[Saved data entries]
==*==

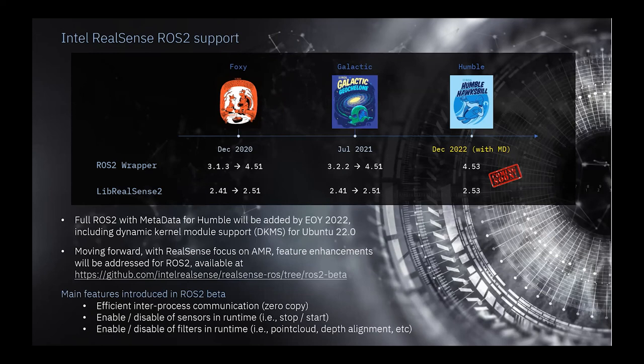Moving forward, as Brad mentioned, our focus is on AMR, and all features and enhancements will be directed toward that. We also have some exciting news related to our future products specifically for ROS, which we're happy to share under NDA. We're doing a lot in that field. Lastly, we are continuously developing and following up on requests and pull requests from the ROS community — such as those enabling direct access and control of our cameras through ROS — plus regular bug fixes. That's a high-level overview.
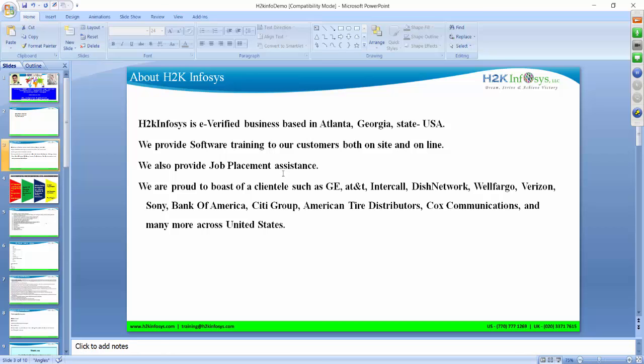We help you with job placement assistance. We have a proud clientele including GE, AT&T, Intercall, and DISH Network, just to name a few.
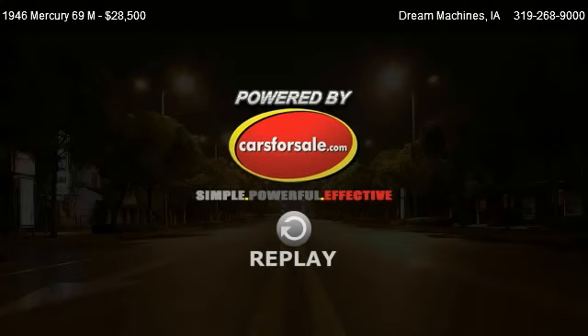Please check us out on our website. Thank you.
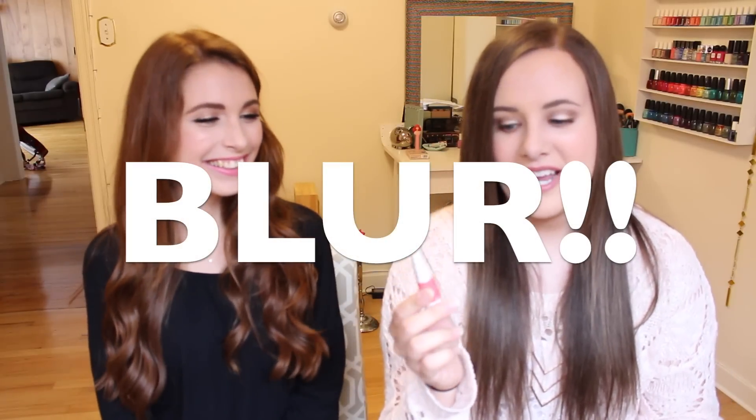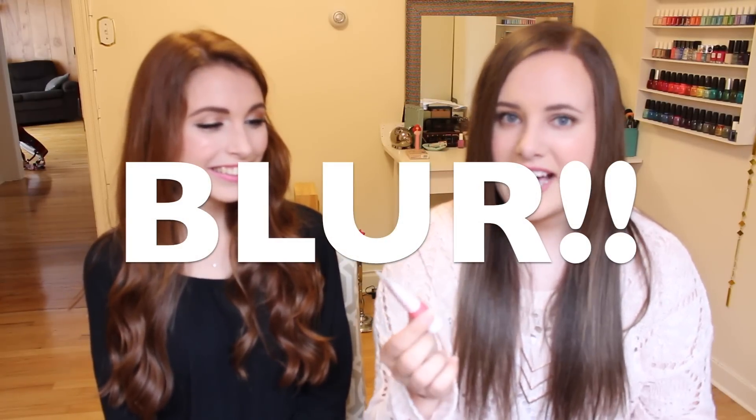It's a liquid cheek tint and this is in 001 Pop of Pink. It's a super pretty pink color which looks really natural. It looks super bright when you take it out of the tube first, but when you put it on it just shears out to the most gorgeous pink glow. If you're at school a long time, just even a little bit of blush to add some color.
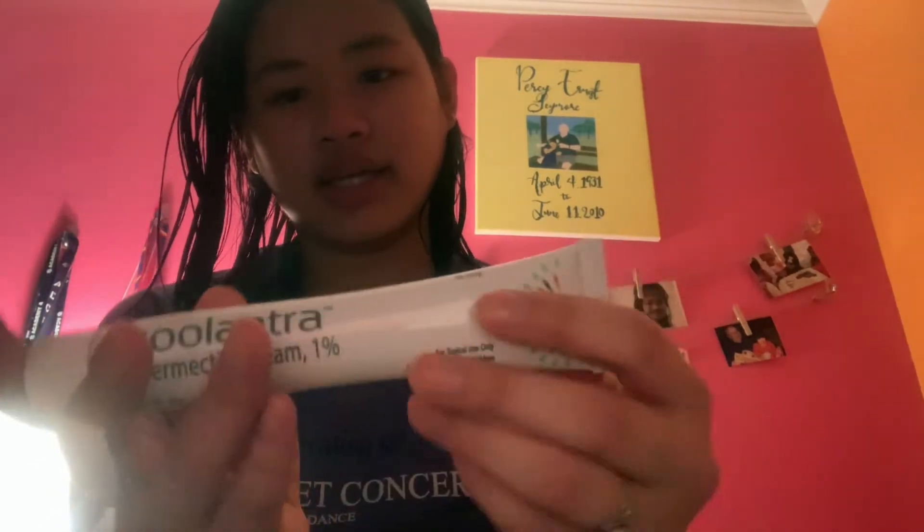The next thing I put on is this — it's Soolantra, and it's meant for rosacea. I was not officially diagnosed with rosacea, but I did have some redness on my cheeks and nose that my dermatologist thought could be rosacea. Since it disappeared with one cream and then came back, we just use this as a safe measure to make sure it doesn't come back. And it hasn't come back since I've used it, so it must be working.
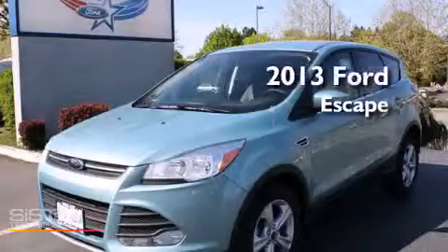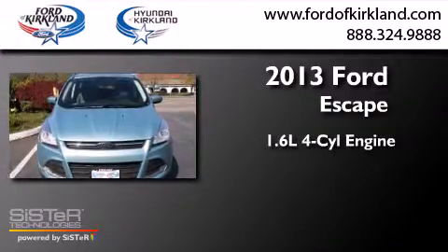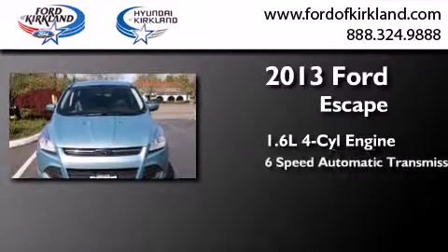This is a brand new 2013 Ford Escape. It features a 1.6 liter 4-cylinder engine and a 6-speed automatic transmission.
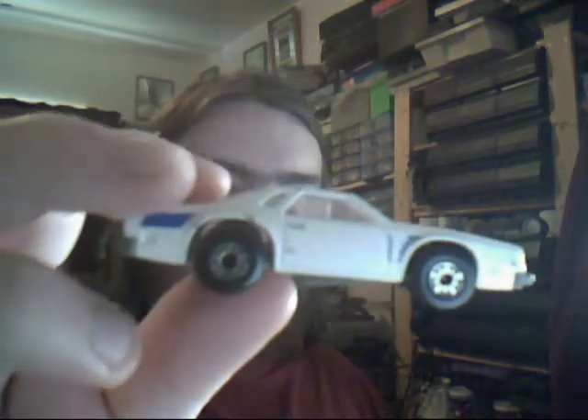Next up we have a Chevy Pro Stocker. Unfortunately this one looks like someone started to make a custom but never really got round to it. It might have been that it was too good and they regretted doing it later on.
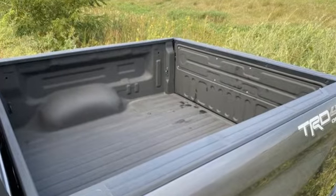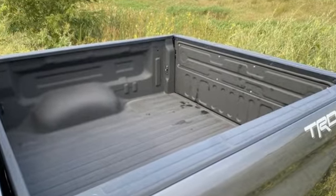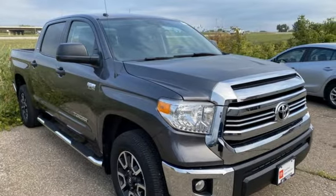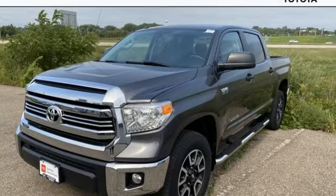It's well equipped with features you need: automatic transmission, 4-wheel drive, tow haul mode, trailer brake controller, and Bluetooth wireless audio streaming.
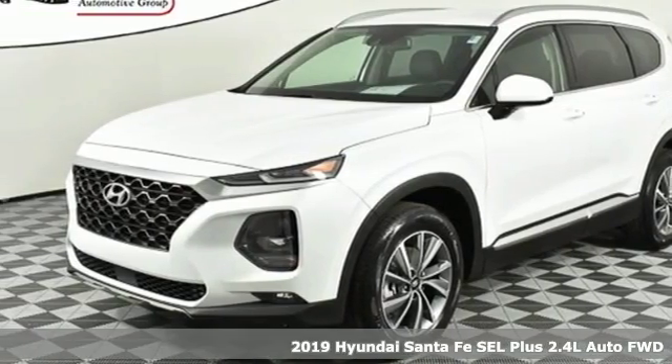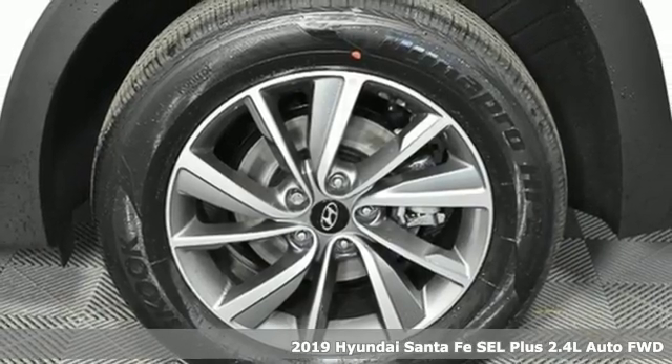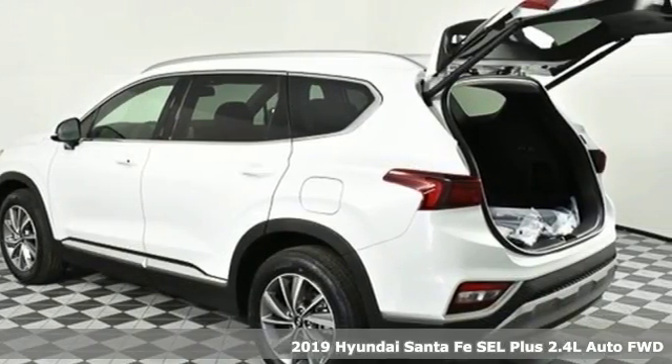Here's a new 2019 Hyundai Santa Fe. Hyundai's attention to detail means a better driving experience for you. It comes with great features you'll love.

==*==

**Your task**
Every line above is to be returned exactly, with its pictures removed.

**Answer for the task**
Moving forward, as Brad mentioned, our focus is on AMR, and all features and enhancements will be directed toward that. We also have some exciting news related to our future products specifically for ROS, which we're happy to share under NDA. We're doing a lot in that field. Lastly, we are continuously developing and following up on requests and pull requests from the ROS community — such as those enabling direct access and control of our cameras through ROS — plus regular bug fixes. That's a high-level overview.
We help you with job placement assistance. We have a proud clientele including GE, AT&T, Intercall, and DISH Network, just to name a few.
Please check us out on our website. Thank you.
It's a liquid cheek tint and this is in 001 Pop of Pink. It's a super pretty pink color which looks really natural. It looks super bright when you take it out of the tube first, but when you put it on it just shears out to the most gorgeous pink glow. If you're at school a long time, just even a little bit of blush to add some color.
The next thing I put on is this — it's Soolantra, and it's meant for rosacea. I was not officially diagnosed with rosacea, but I did have some redness on my cheeks and nose that my dermatologist thought could be rosacea. Since it disappeared with one cream and then came back, we just use this as a safe measure to make sure it doesn't come back. And it hasn't come back since I've used it, so it must be working.
This is a brand new 2013 Ford Escape. It features a 1.6 liter 4-cylinder engine and a 6-speed automatic transmission.
Next up we have a Chevy Pro Stocker. Unfortunately this one looks like someone started to make a custom but never really got round to it. It might have been that it was too good and they regretted doing it later on.
It's well equipped with features you need: automatic transmission, 4-wheel drive, tow haul mode, trailer brake controller, and Bluetooth wireless audio streaming.
Here's a new 2019 Hyundai Santa Fe. Hyundai's attention to detail means a better driving experience for you. It comes with great features you'll love.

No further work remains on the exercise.